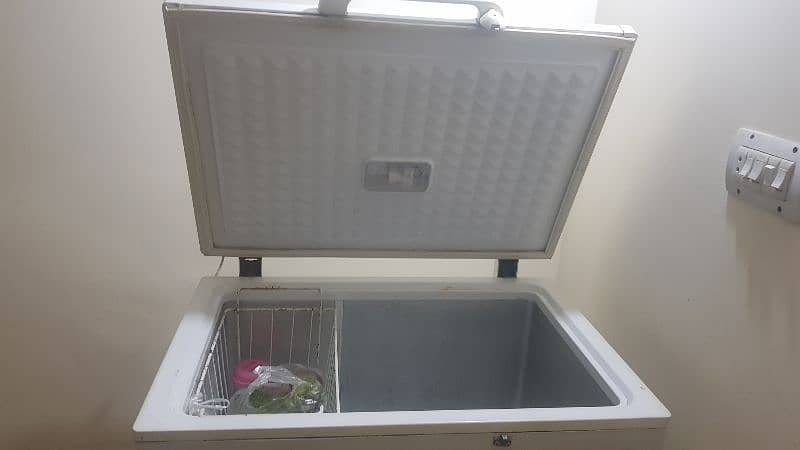 Intercool Freezer Excellent Condition 1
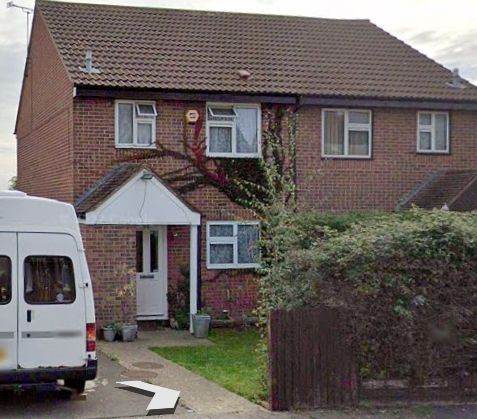 3 BEDRROM   ROMFORD   NEED 2 BEDROOM ROMFORD  MUTI SWAP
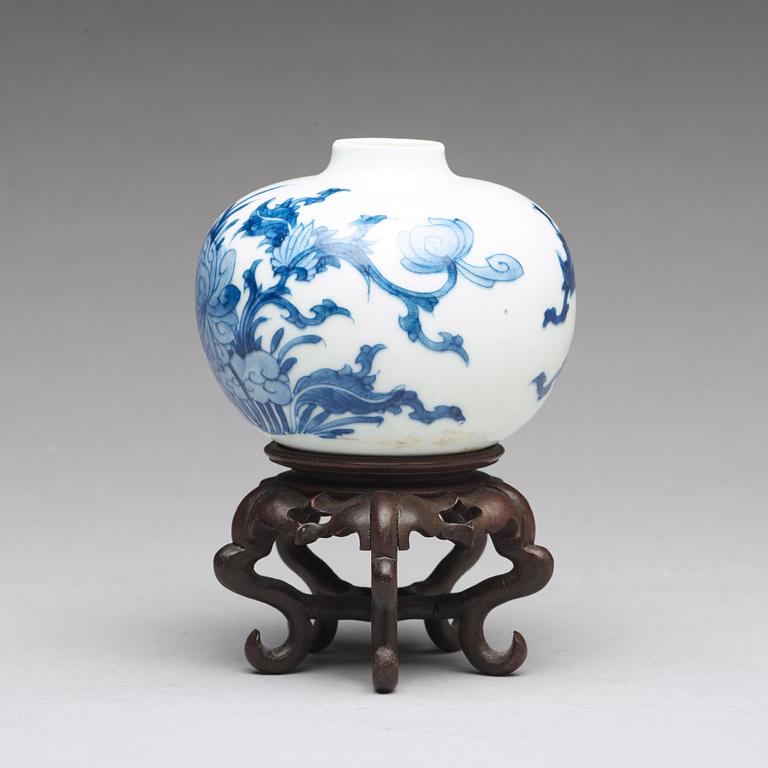 A Ming style blue and white vase, Qing dynasty, Yongzheng (1723-35).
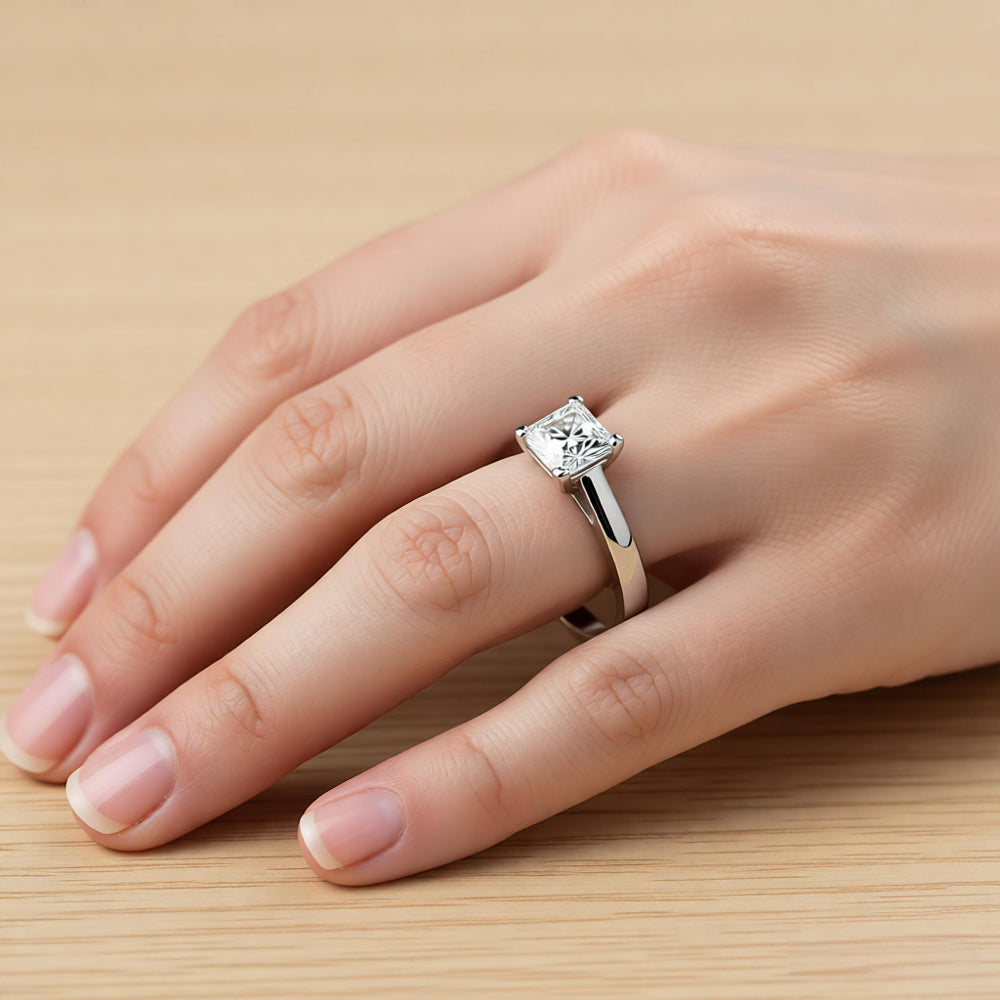 Anello quadrato in cristallo con oro bianco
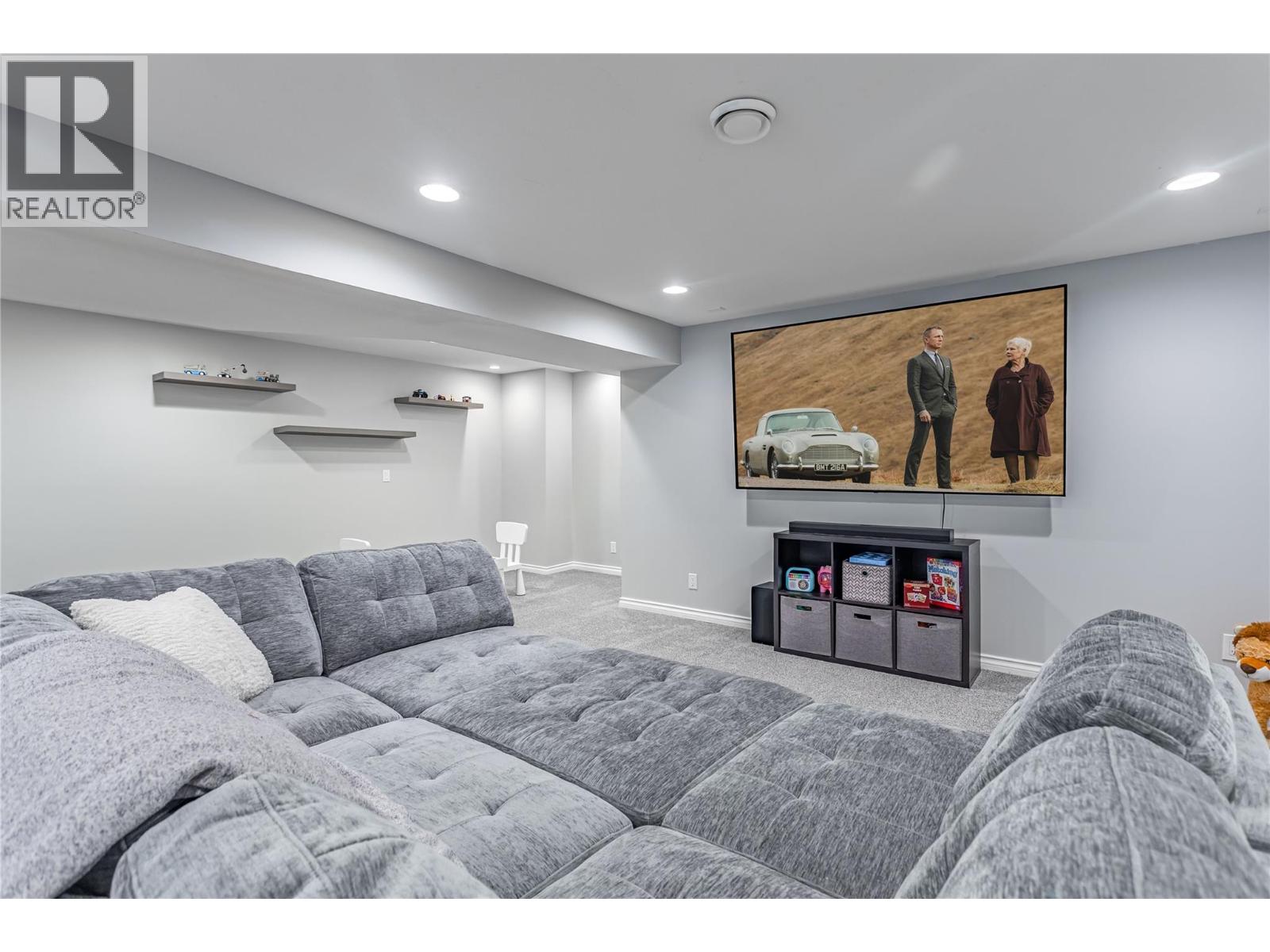 3350 Larkspur Court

++++

▸ Task objective: Lines before the one containing "NEED 2 BEDROOM" are not wanted; write out that line and every later line through the end of the data above, exactly, without pictures.

▸ Solution below:
 3 BEDRROM   ROMFORD   NEED 2 BEDROOM ROMFORD  MUTI SWAP
 A Ming style blue and white vase, Qing dynasty, Yongzheng (1723-35).
 Anello quadrato in cristallo con oro bianco
 3350 Larkspur Court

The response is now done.